[Exercise aim]: Reproduce the entries word for word, and omit any picture you find in them.

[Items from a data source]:
▶
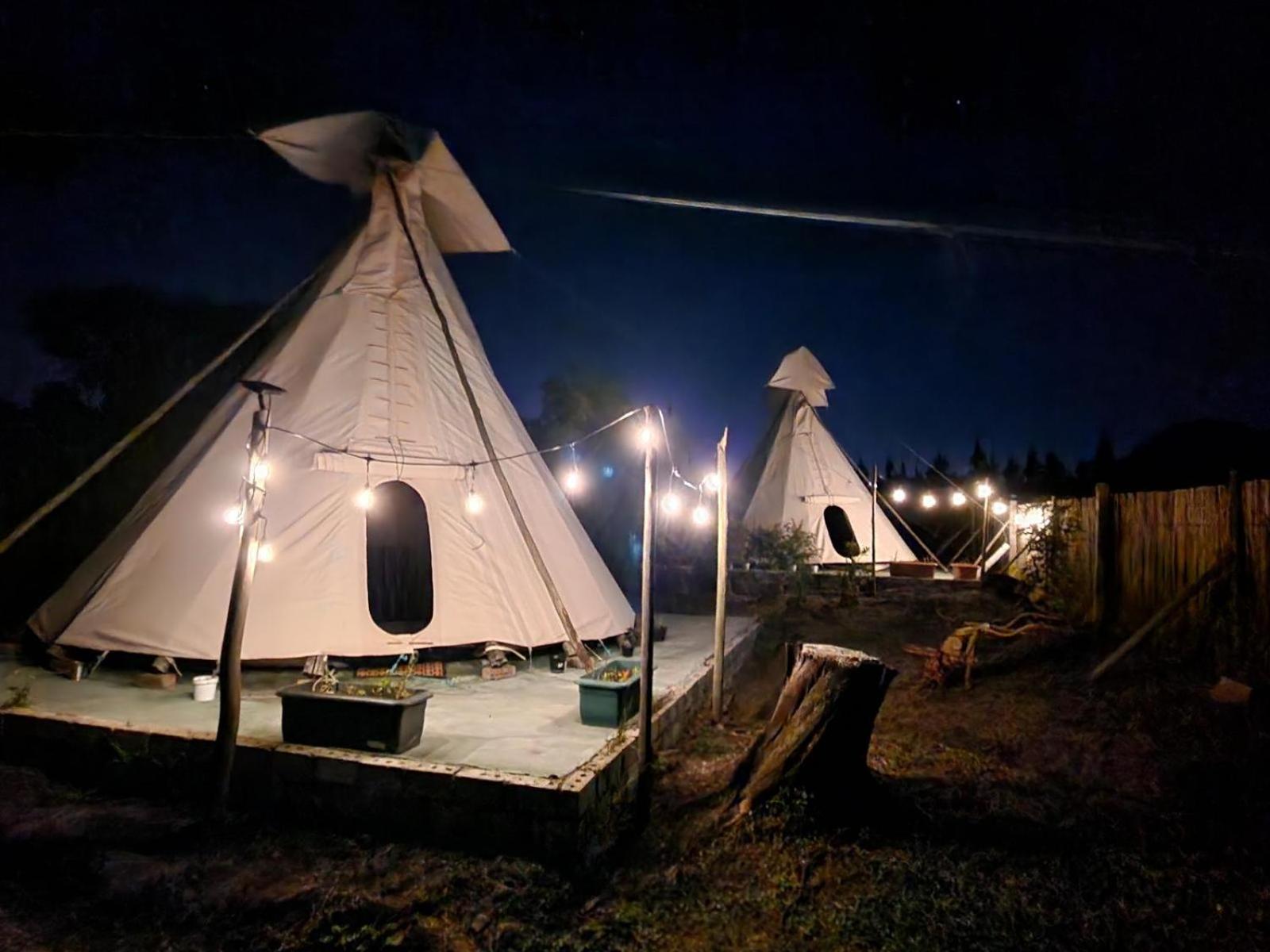 Tsitsikamma Wolf Sanctuary Eco Cabins & Teepees Stormsrivier Oda fotoğraf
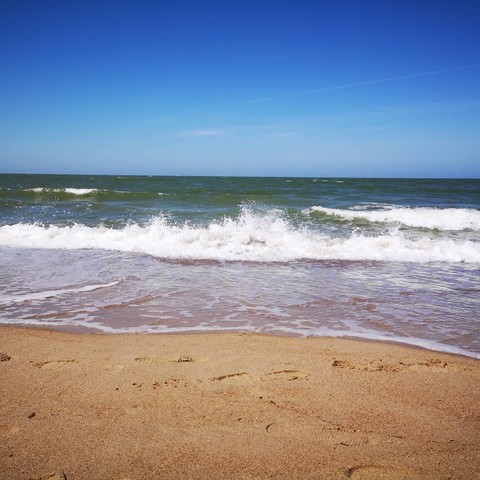 waves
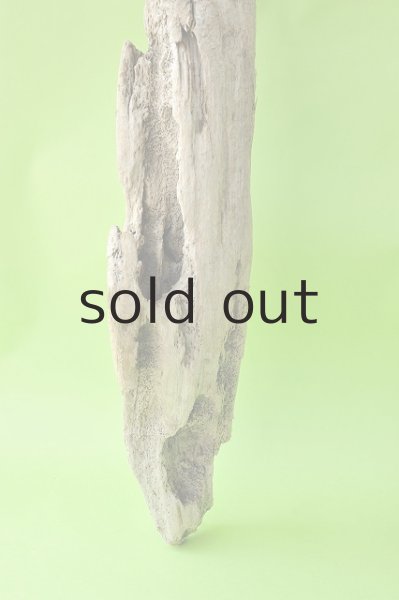 画像3: 幹流木 (3)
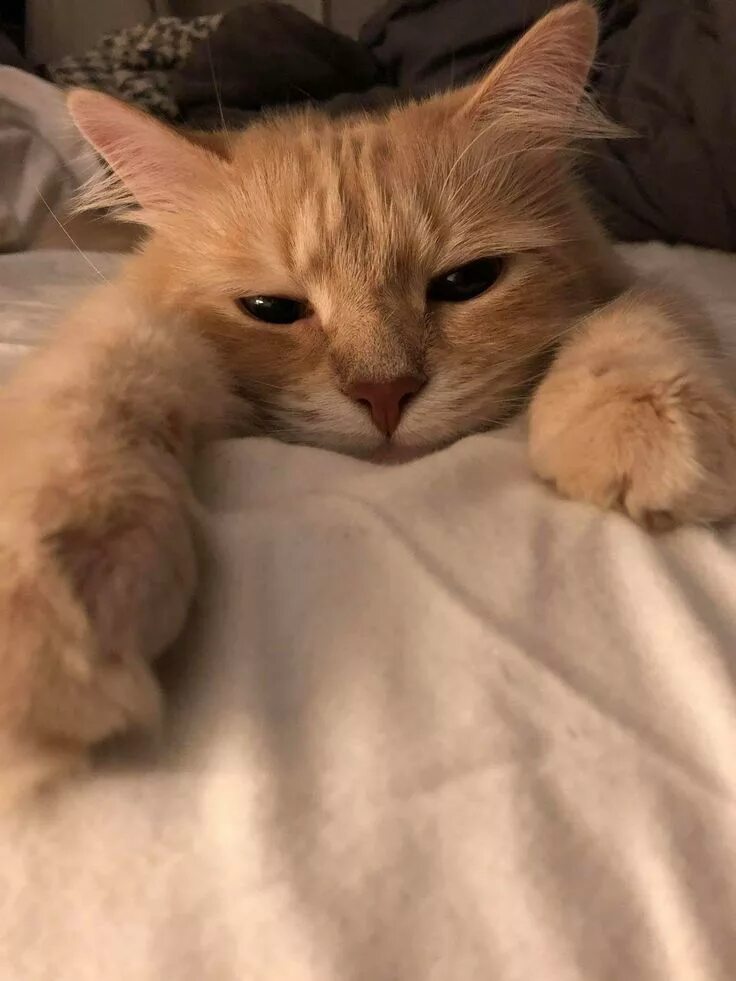 Котики фото на аву эстетика пинтерест Pin on cat Cute cats, Cute baby animals, Baby cats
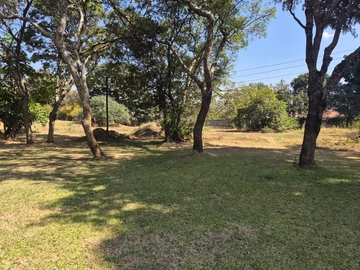 Land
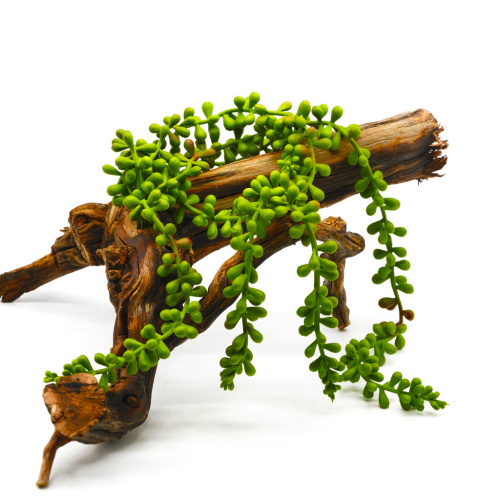 Самшит ампельн. мал. фото 2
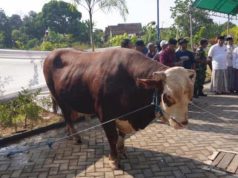 Sapi Kurban Presiden Prabowo di Kudus Mengamuk Jelang Disembelih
◀
[Worked solution]:
 Tsitsikamma Wolf Sanctuary Eco Cabins & Teepees Stormsrivier Oda fotoğraf
 waves
 画像3: 幹流木 (3)
 Котики фото на аву эстетика пинтерест Pin on cat Cute cats, Cute baby animals, Baby cats
 Land
 Самшит ампельн. мал. фото 2
 Sapi Kurban Presiden Prabowo di Kudus Mengamuk Jelang Disembelih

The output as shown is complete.